Keurig Green Mountain (NASDAQ:GMCR.DL) shareholders may want to lower their expectations for Keurig 2.0. At an investor conference two weeks ago, TreeHouse Foods (NYSE:THS) CEO Sam Reed said his company could replicate the next-generation K-Cup technology in less than one year. If Reed is correct, Keurig may encounter stiffer competition from unlicensed brands in the years ahead. Reduced profitability would lead to big losses for Keurig shareholders, but the fight is far from settled. Investors need to know the true implications of TreeHouse's threat before deciding to ditch the stock.
TreeHouse hanging on by a limb
TreeHouse, a private-label food and beverage manufacturer, is doing everything it can to salvage its K-Cup business. The company is one of a handful of white-label manufacturers that capture 14% of the $3.7 billion K-Cup market. Earlier this year, TreeHouse sued Keurig on grounds that Keurig 2.0's patented technology was designed to lock out competitors' products. No dispute there; one of Keurig 2.0's biggest selling points for investors is its potential to keep unlicensed brands from using its platform.
I'll leave the legal debate to lawyers, but Reed's latest comment suggests that even he knows that the lawsuit has little chance of success.
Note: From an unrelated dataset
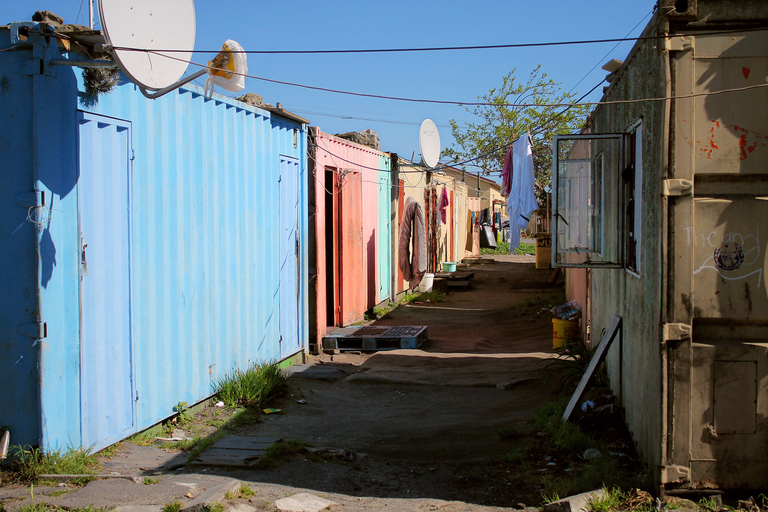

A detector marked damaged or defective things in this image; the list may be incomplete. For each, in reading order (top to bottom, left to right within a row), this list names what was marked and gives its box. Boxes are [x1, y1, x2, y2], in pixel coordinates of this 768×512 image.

rusty container door [340, 170, 366, 326]
rusty container door [664, 30, 768, 490]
Reed told investors and analysts at last month's Citi Global Consumer Conference that his analysis "indicates that, under any circumstance, it will be a matter of months -- not years -- before we replicate the technology for the [new K-Cups]." In other words, Keurig 2.0 will not be able to shut out competitors for any meaningful length of time.
Given Keurig's limited description of its next-generation technology -- the company has only said that next-generation brewers will have "interactive readability" that only works with licensed K-Cups -- skepticism is warranted about TreeHouse's ability to know how quickly it can replicate the technology. Reed developed his estimate based on "our own research, as well as analysis of public statements." However, as a private-label manufacturer, TreeHouse's core competency is making knock-offs of branded food and beverage products. Keurig shareholders should assume that the technology will be cracked well before its patent expires.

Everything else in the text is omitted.